One activity that has some doctors on the defensive is their patients’ requests to record the audio of their examinations and consultations. Many physicians flat out refuse these requests, while others may consent but warily. They wonder if they aren’t setting themselves up for future malpractice actions.
Patients may wish to record their physician consultations for many reasons. Sometimes they are nervous and don’t remember important advice and instructions. Others may want to review the conversation later with their partner or other family member. Those being diagnosed with serious illnesses may be in a kind of shock and need time to process the diagnosis in order to comprehend what they need to do.
Almost certainly litigiousness is low on the totem pole of reasons for requesting to record the encounter, yet doctors are far from embracing of the concept.
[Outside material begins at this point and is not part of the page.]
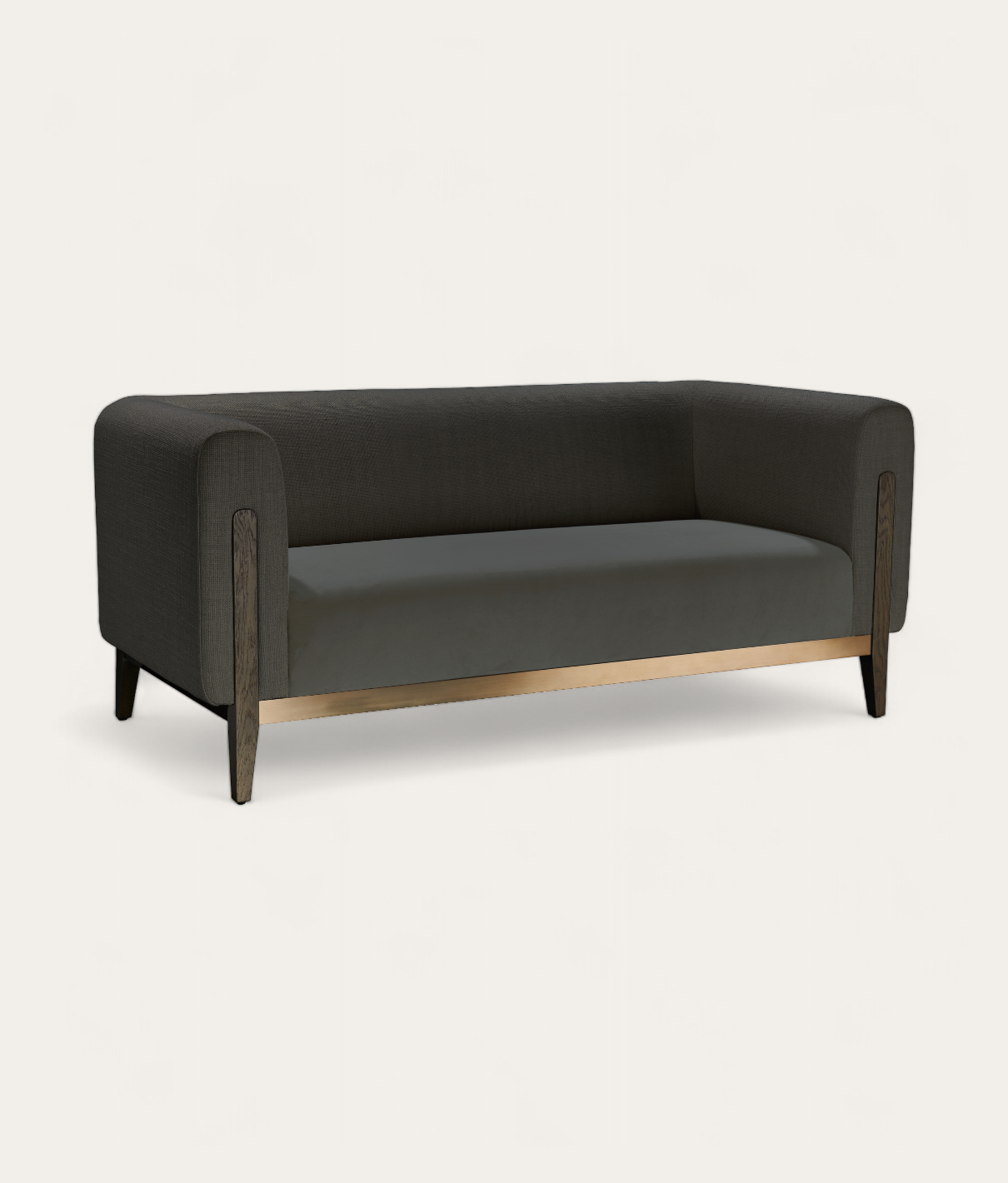 [Apolo Sofa - 2 Seater]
Some even appear to fear secret patient recordings done without their knowledge or permission.
However, Florida patients who wish to record conversations with their physicians must first get their permission. Florida law is very clear on this issue. The state has “two-party consent” laws in place that make it a criminal act to record or intercept any “wire, oral, or electronic communication” unless all parties consent to the recording. Violators can face criminal prosecution in addition to civil damages by any injured parties.
Yet some of the doctors who have agreed to recorded consultations believe that their willingness can increase their patients’ trust in them. It can also cause doctors to err on the side of caution and make sure that their knowledge is up-to-date and their advice spot-on.
From a patient’s perspective, this is definitely a good thing. Some doctors consider how the potential benefits to their patients outweigh the negatives they could face and grant permission.
Whether a request is granted or not, having a recording of a doctor’s exam is not necessary in order to pursue a successful malpractice claim against a negligent health care provider.